An international team of scientists has completed the first comprehensive study of the ocean storage of carbon dioxide derived from human activity, called anthropogenic CO2, based on a decade-long survey of global ocean carbon distributions in the 1990s.
The findings, along with those detailed in a companion paper on the impacts of anthropogenic CO2 on the chemistry of the oceans and the potential response of marine animals and plants to changes in CO2 levels, will be published in the July 16 issue of the journal Science.
"About half of the anthropogenic CO2 taken up over the last 200 years can be found in the upper 10 percent of the ocean," said Christopher Sabine, an oceanographer at NOAA's Pacific Marine Environmental Laboratory (PMEL) in Seattle, Wash.
Sabine is the lead author of one of the papers. "The ocean has removed 48 percent of the CO2 we have released to the atmosphere from burning fossil fuels and cement manufacturing."
Over the long-term, the ocean has been the only reservoir on Earth to consistently take up anthropogenic CO2 from the atmosphere. This uptake changes seawater chemistry, and can have significant impacts on the biology of the upper oceans.
The global survey combined carbon and other ocean measurements (such as temperature, salinity, oxygen, nutrients and chlorofluorocarbon tracers) in the Atlantic, Pacific, and Indian Oceans. These oceans have taken up about 118 billion metric tons of anthropogenic CO2 between 1800 and 1994, about a third of their long-term potential.
The researchers, including scientists from the United States, South Korea, Australia, Canada, Japan, Spain, and Germany, reviewed data gathered during the 1990s as part of three major research programs: the National Science Foundation (NSF)-led World Ocean Circulation Experiment (WOCE) and Joint Global Ocean Flux Study (JGOFS); and the National Oceanic and Atmospheric Administration (NOAA)'s Ocean-Atmosphere Carbon Exchange Study (OACES).
The new global data set of ocean carbon system observations, co-sponsored in the United States by NSF, NOAA and the Department of Energy, is unprecedented, say scientists, with 10 times more observations and 10 times better accuracy than the previous global survey in the 1970s.
"This research presents the first complete synthesis of modern global ocean inorganic carbon measurements," said James Yoder, director of NSF's ocean sciences division.
"The results are among the most intriguing yet from the WOCE and JGOFS programs."
"These new measurements, when coupled with how much anthropogenic carbon dioxide is known to accumulate in the atmosphere, show that the ocean and atmosphere are the two primary 'sinks' [holding tanks] of this carbon dioxide since the beginning of the industrial revolution. The land is the 'source.'"

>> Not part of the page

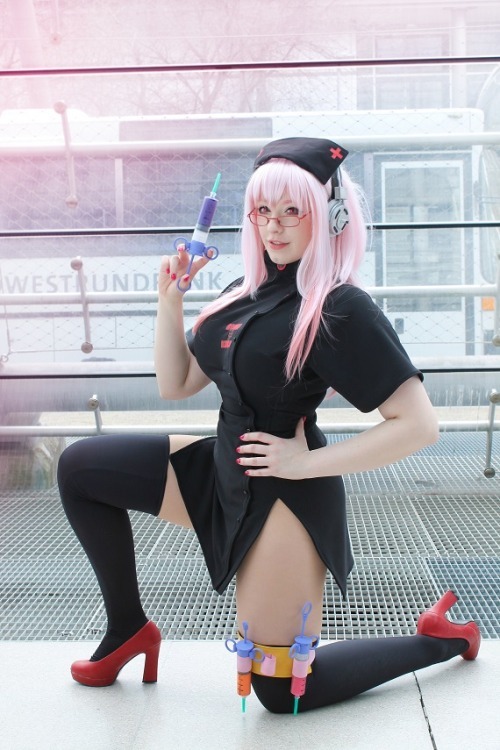 kosplaykitten:  Super Sonico will help you to feel better by K-A-N-ALook What the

But that ocean "sink" may be changing, the studies conclude. "Feedbacks between the ocean and atmosphere involving air-sea exchange, ocean circulation and ocean biological processes need to be better understood," said Yoder.

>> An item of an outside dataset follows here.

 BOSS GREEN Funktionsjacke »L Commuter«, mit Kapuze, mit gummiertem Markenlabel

Analysis of CO2 levels in ice cores have shown scientists that for the 400,000 years before the industrial revolution began in the 1800s, atmospheric CO2 concentrations remained between 200 and 280 parts per million.

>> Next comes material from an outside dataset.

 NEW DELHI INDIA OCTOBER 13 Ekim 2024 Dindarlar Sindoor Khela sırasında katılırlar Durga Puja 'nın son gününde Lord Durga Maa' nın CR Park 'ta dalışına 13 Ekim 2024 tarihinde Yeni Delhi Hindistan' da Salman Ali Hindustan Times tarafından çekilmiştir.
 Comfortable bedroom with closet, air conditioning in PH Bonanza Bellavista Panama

Today CO2 levels are reaching 380 parts per million in the atmosphere.
"If the ocean had not removed 118 billion metric tons of anthropogenic carbon between 1800 and 1994, the CO2 level in the atmosphere would be about 55 parts per million greater than currently observed," said Sabine.
"Because CO2 is an acid gas, the surface ocean pH is dropping," said Richard Feely, a marine chemist at PMEL, and lead author of the companion paper.
If current scenarios are realized, surface ocean pH could drop lower than it has been for more than five million years, he said.
Feely and colleagues describe two major impacts of the oceanic uptake of anthropogenic CO2: They demonstrate that a substantial amount of the calcium carbonate, found in shells of marine animals living in surface waters, dissolves in the upper ocean. They then summarize the available evidence on the response of marine calcifying organisms to elevated CO2.
Feely noted that scientists have seen a reduced ability to produce protective calcium carbonate shells in many species of marine organisms at high CO2 levels, including corals and plankton, drifting plants and animals on which other marine life feeds.
"Based on our present knowledge, it appears that as seawater CO2 levels rise the skeletal growth rates of calcareous plankton will be reduced as a result of the effects of CO2 on calcification," said Victoria Fabry, a biologist at California State University at San Marcos and a paper co-author.
Recent studies have shown that calcification rates can drop by as much as 25 to 45 percent at CO2 levels equivalent to atmospheric concentrations of 700 to 800 parts per million. Those levels will be reached by the end of this century if fossil fuel consumption continues at projected levels.
The scientists note that the dissolving calcium carbonate shells also partially act to neutralize CO2, thus allowing the ocean to take up more carbon dioxide from the atmosphere.
However, the effects of decreased calcification in microscopic algae and animals could alter marine food webs and, combined with other changes in salinity, temperature and nutrients, could substantially alter the diversity and productivity of the oceans.